The mapped codes are often equivalent to or narrower than the codes you selected, but not always. Please see Advanced Search Options - Include Mapped Concepts in the help documentation for more information.

Mapped concepts are displayed in green in the search criteria and in the match details. Concept maps are currently available between SNOMED CT and ICD-10, OPCS-4 and HPO. It is not currently possible to un-select some of the mapped concepts in your search criteria; it is all-or-nothing.

  What is the source of the concept maps?

 SNOMED CT to ICD-10: NHS England

SNOMED CT to OPCS-4: NHS England

SNOMED CT to HPO: CSIRO

 Which 100kGP data release version was used for the participant data?

 The data release version is displayed in the About information, accessible via the toolbar menu.

 I am familiar with the 100,000 Genomes Project data release model in Labkey. How do participant conditions, observations and procedures correspond to tables and columns in Labkey?

 The help documentation includes a section that describes the mapping of 100kGP tables and columns to the conditions, procedures and observations that can be searched using the Terminology Toolset.

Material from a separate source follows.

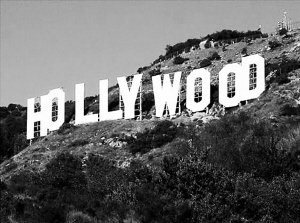 好萊塢“ＨＯＬＬＹＷＯＯＤ”   坐落在洛杉磯市郊山頂上的由九個白色字母組成的“ＨＯＬＬＹＷＯＯＤ”標誌牌，正因地產交易面臨消失的危險。好萊塢標誌牌自１９２３年起矗立至今。１９４０年，飛行大亨霍華德·休斯買下這片土地並擁有至２００２年。上個月，這塊幾經易手的土地被某投資集團掛牌２２００萬美元出售，山頂上聞名全球的“ＨＯＬＬＹＷＯＯＤ”標誌牌很有可能因此消失。  令洛杉磯市民擔憂的是，即使好萊塢標誌牌不被移走，但當星巴克、麥當勞以及購物中心等建立起來之後，夾縫中求存的好萊塢標誌牌也會變得十分尷尬。 (揚子)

Furthermore, when browsing participant search results, external link icons are available that redirect to the corresponding source table in Labkey (Labkey login may be required).

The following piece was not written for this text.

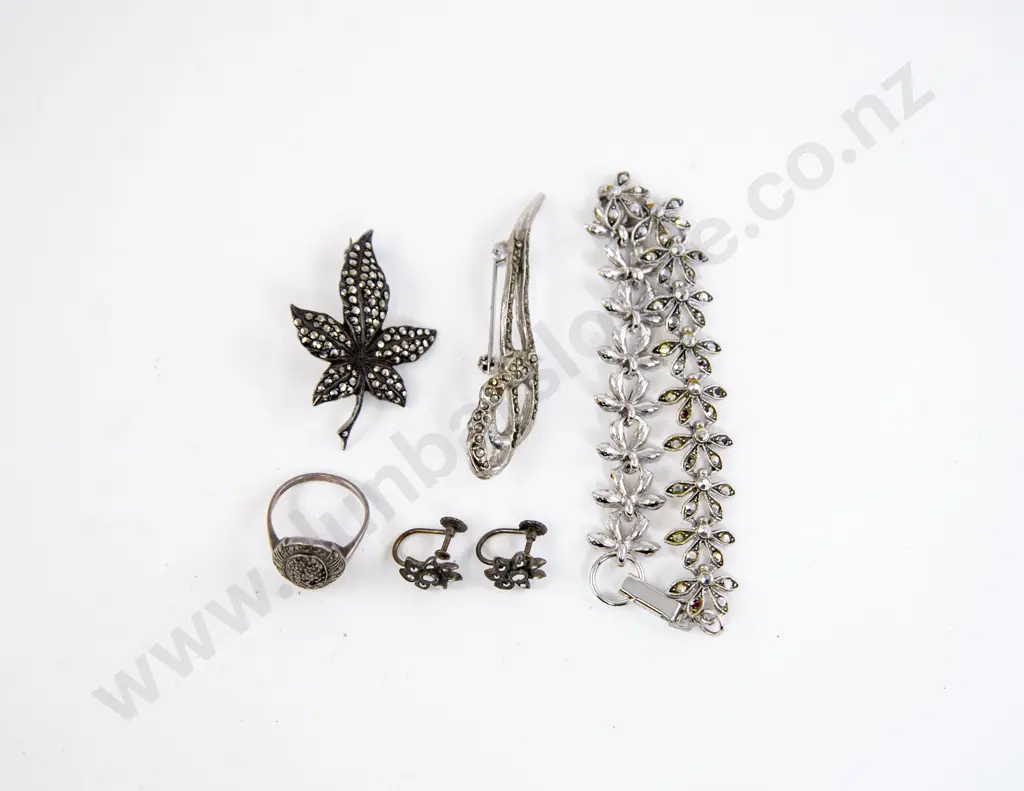 Collection Silver Marcasite Jewellery Image 1++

 Why can I select codes that do not exist in the 100,000 Genomes Project dataset?

 There are two reasons:

  1. Queries that include non-existing codes may still yield results, when using the "include descendants" and/or "include mapped concepts" features.
  2. A negative search result may be meaningful in some cases (confirmation that our data set does not contain a certain code).

At the same time, we are aware that in many cases it would be helpful to restrict the term lookup to the subset of codes that exist in our data set (plus all their parent codes). We intend to add this option in a future release.

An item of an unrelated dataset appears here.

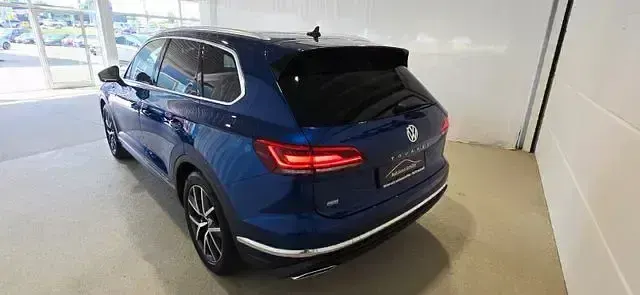 Gebraucht VW Touareg Elegance 286 PS (210 kW) 2018 Blau SUV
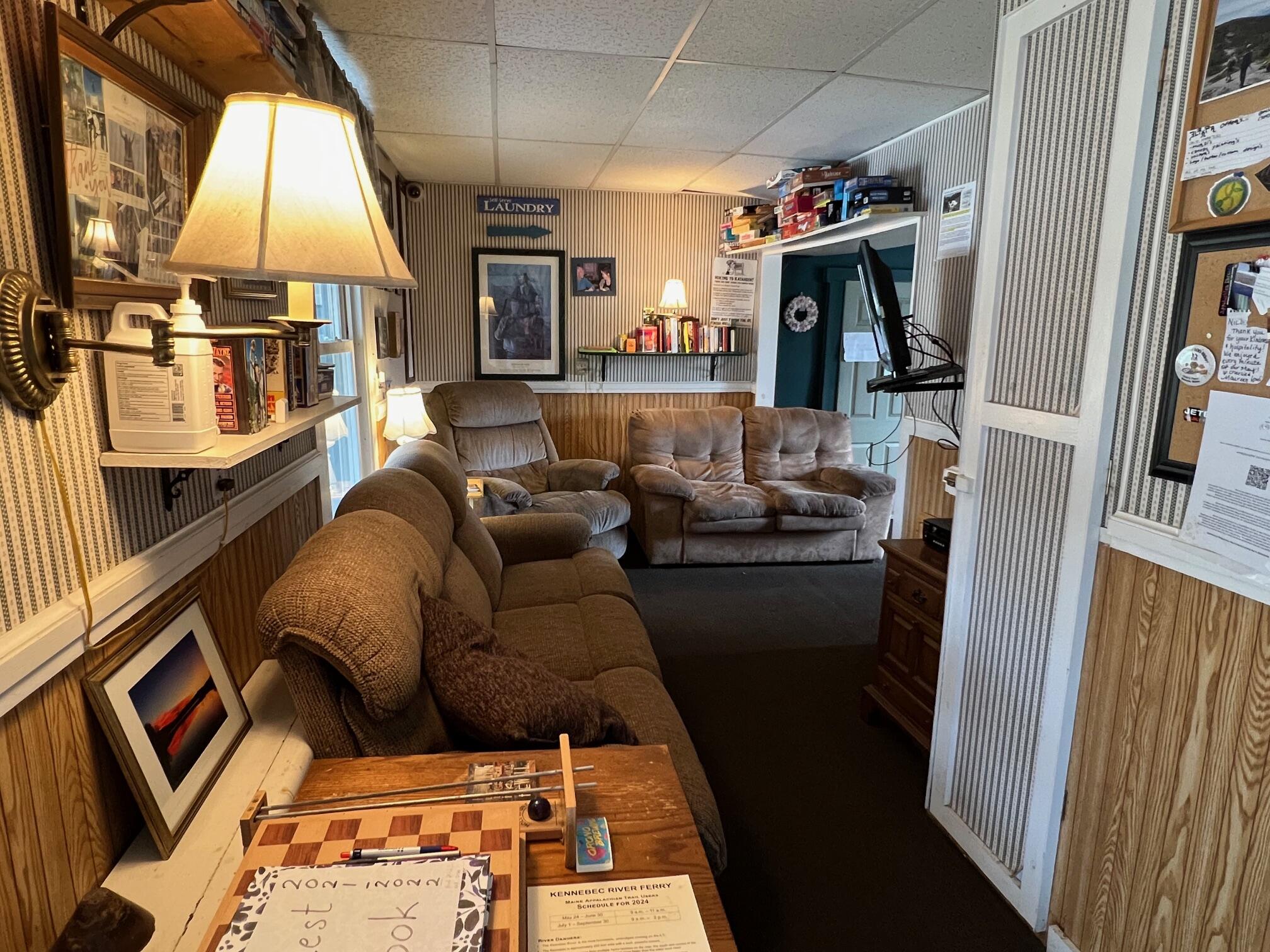 main property photo 28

 Is it possible to search for negative phenotypes (phenotypes recorded as "not present")?

 No, a search with HPO terms only matches observations with a positive result. We intend to add support for observations with negative results in the future. Note that by using "Does NOT Have Any Of", it is possible to search for participants that do not have a positive observation.

 What exactly is the meaning of "We're sorry, your query could not be processed because one or more of the search terms are too wide (too many descendants)"?

 By default, a search will include all descendant codes of the selected codes. High-level concepts, such as "Clinical Finding" in SNOMED CT, can have a large number of descendants. For technical reasons, the application can not execute searches that involve more than 10,000 descendants.

 Why does the TSV export contain multiple rows per participant?

 When a selected column has multiple values for the same participant, multiple rows are generated for that participant. A separate row will be generated for each nested group of values, with repeating values in the other columns.

For example: when including Specific Rare Disease, the TSV will have two rows for participants that are recruited for two rare diseases, rather than a single comma-separated value. Another example: when including Code, the TSV will have a separate row for each different code that matched the search criteria for each participant.

Columns in the "Participant" category only have a single value. Columns in any of the other categories can potentially have multiple values for the same participant.

 What is the Source Code column for when downloading results?

 Source Code refers to the exact form in which the code occurred in the source data. This can include interpunction or other characters that were ignored by the matching logic.